*** Opening SOURCE INFORMATION ***

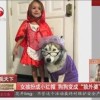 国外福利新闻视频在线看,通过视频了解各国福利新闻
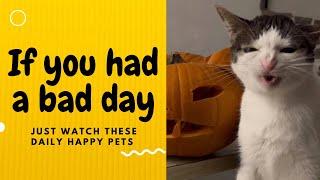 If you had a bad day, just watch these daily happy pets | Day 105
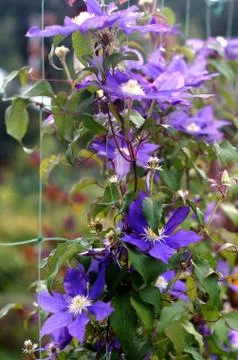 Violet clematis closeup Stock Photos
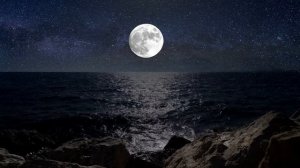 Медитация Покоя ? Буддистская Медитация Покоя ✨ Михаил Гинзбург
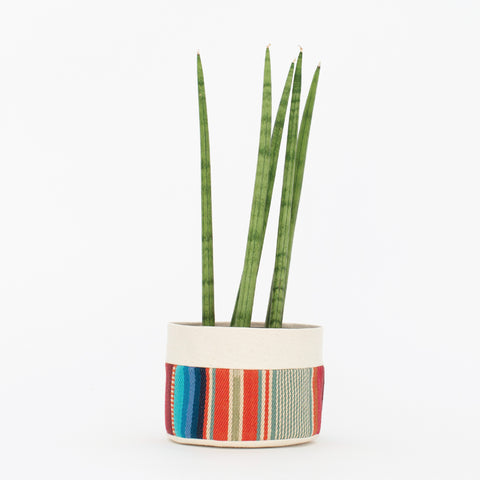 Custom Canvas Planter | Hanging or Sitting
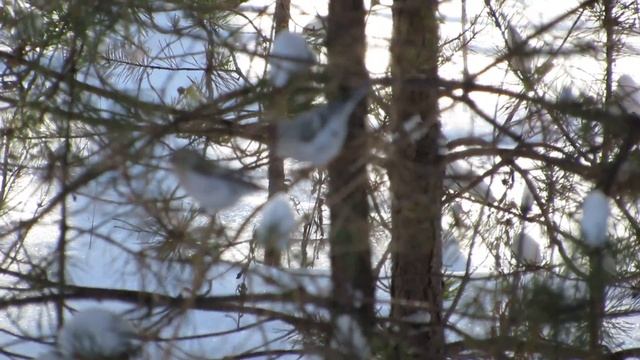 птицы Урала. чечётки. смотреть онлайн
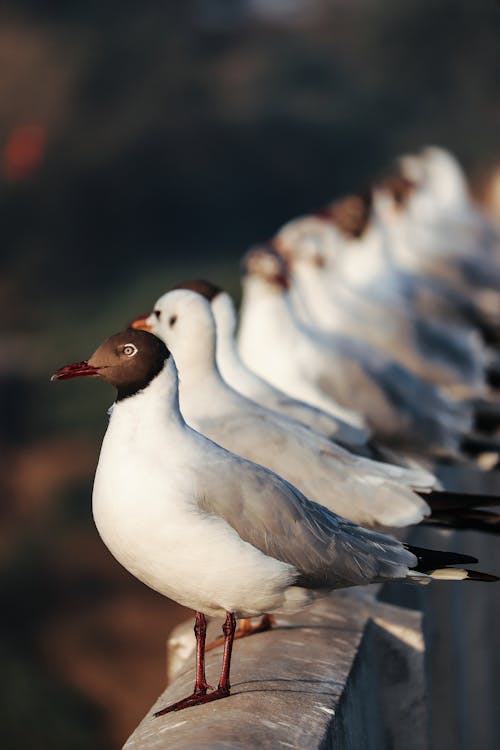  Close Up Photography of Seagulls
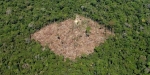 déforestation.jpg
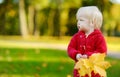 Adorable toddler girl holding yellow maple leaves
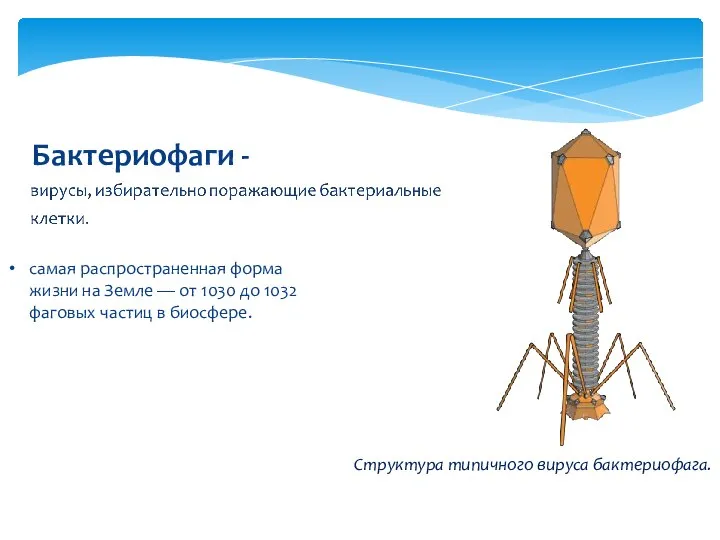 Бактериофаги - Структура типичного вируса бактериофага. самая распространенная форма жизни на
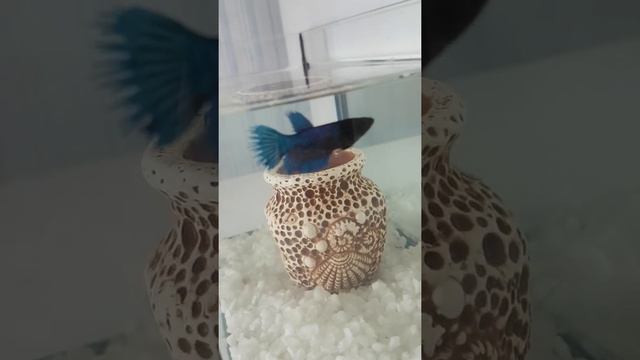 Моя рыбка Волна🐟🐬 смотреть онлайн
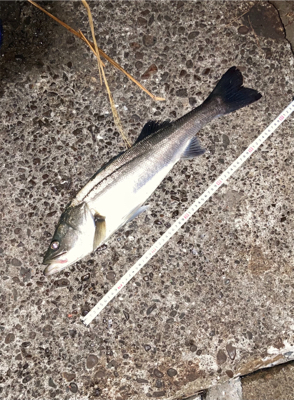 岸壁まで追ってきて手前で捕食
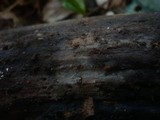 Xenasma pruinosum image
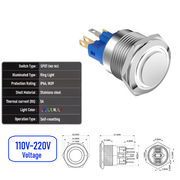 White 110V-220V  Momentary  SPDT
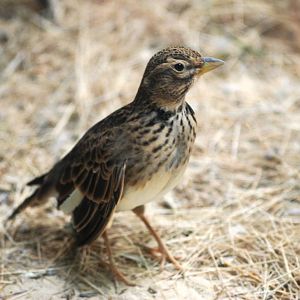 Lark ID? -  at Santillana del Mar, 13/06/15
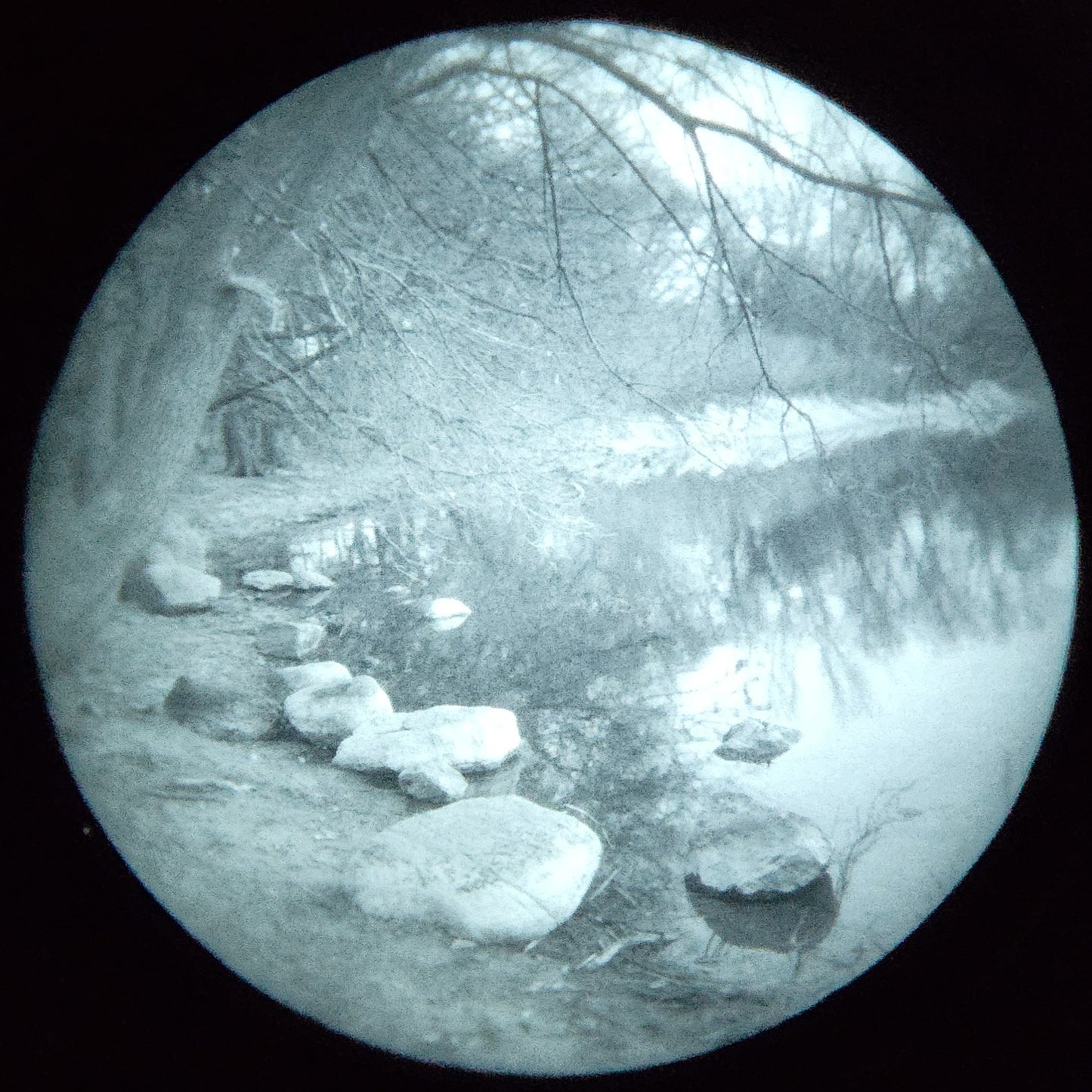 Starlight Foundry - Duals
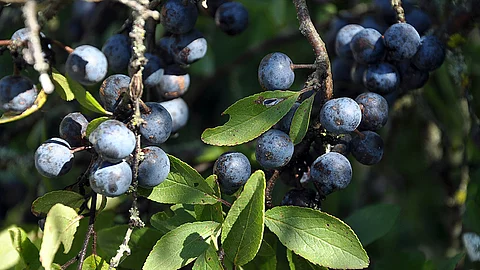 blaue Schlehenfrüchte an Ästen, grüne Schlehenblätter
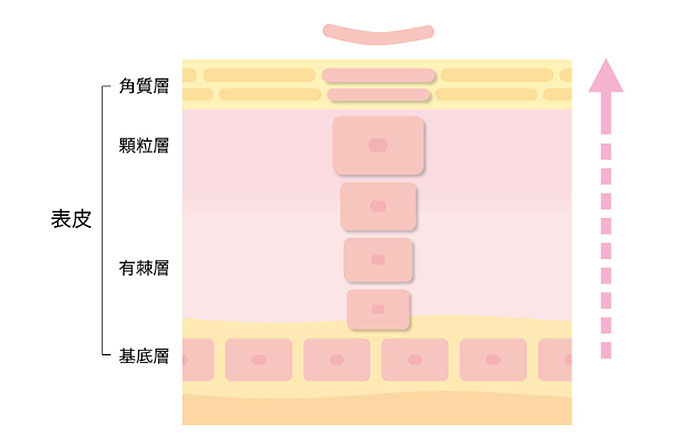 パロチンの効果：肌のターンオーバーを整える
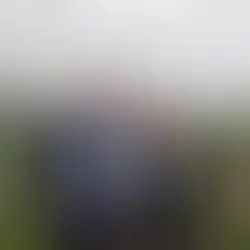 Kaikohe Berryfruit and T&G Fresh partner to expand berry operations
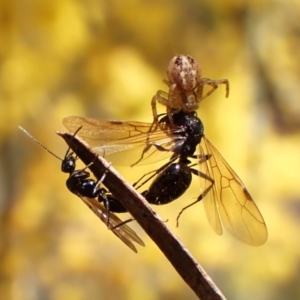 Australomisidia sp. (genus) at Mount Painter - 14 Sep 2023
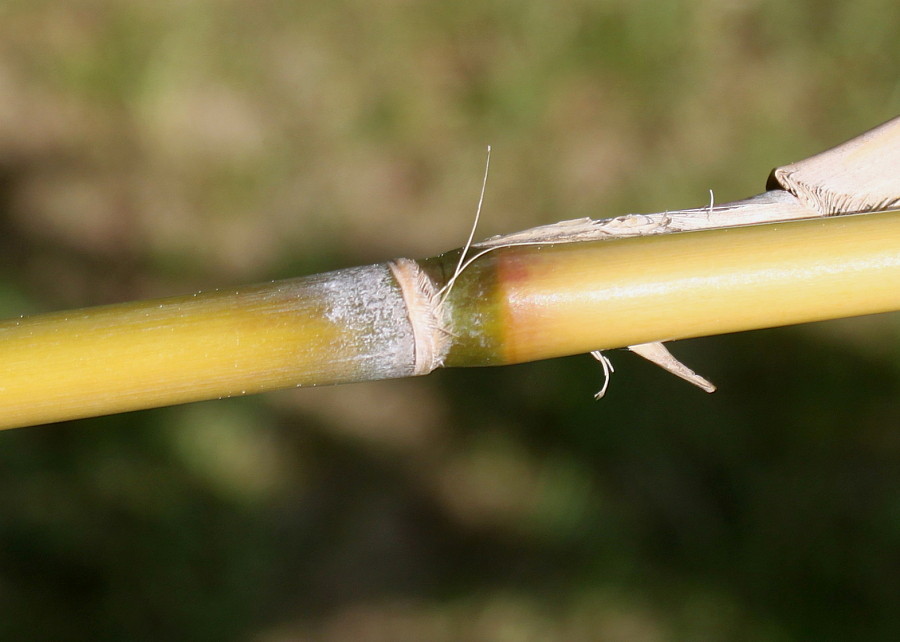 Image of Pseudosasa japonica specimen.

*** Closing SOURCE INFORMATION ***

ACTION ITEM: Exactly as they appear above, print all the lines, but not the pictures.

ANSWER AREA:
 国外福利新闻视频在线看,通过视频了解各国福利新闻
 If you had a bad day, just watch these daily happy pets | Day 105
 Violet clematis closeup Stock Photos
 Медитация Покоя ? Буддистская Медитация Покоя ✨ Михаил Гинзбург
 Custom Canvas Planter | Hanging or Sitting
 птицы Урала. чечётки. смотреть онлайн
  Close Up Photography of Seagulls
 déforestation.jpg
 Adorable toddler girl holding yellow maple leaves
 Бактериофаги - Структура типичного вируса бактериофага. самая распространенная форма жизни на
 Моя рыбка Волна🐟🐬 смотреть онлайн
 岸壁まで追ってきて手前で捕食
 Xenasma pruinosum image
 White 110V-220V  Momentary  SPDT
 Lark ID? -  at Santillana del Mar, 13/06/15
 Starlight Foundry - Duals
 blaue Schlehenfrüchte an Ästen, grüne Schlehenblätter
 パロチンの効果：肌のターンオーバーを整える
 Kaikohe Berryfruit and T&G Fresh partner to expand berry operations
 Australomisidia sp. (genus) at Mount Painter - 14 Sep 2023
 Image of Pseudosasa japonica specimen.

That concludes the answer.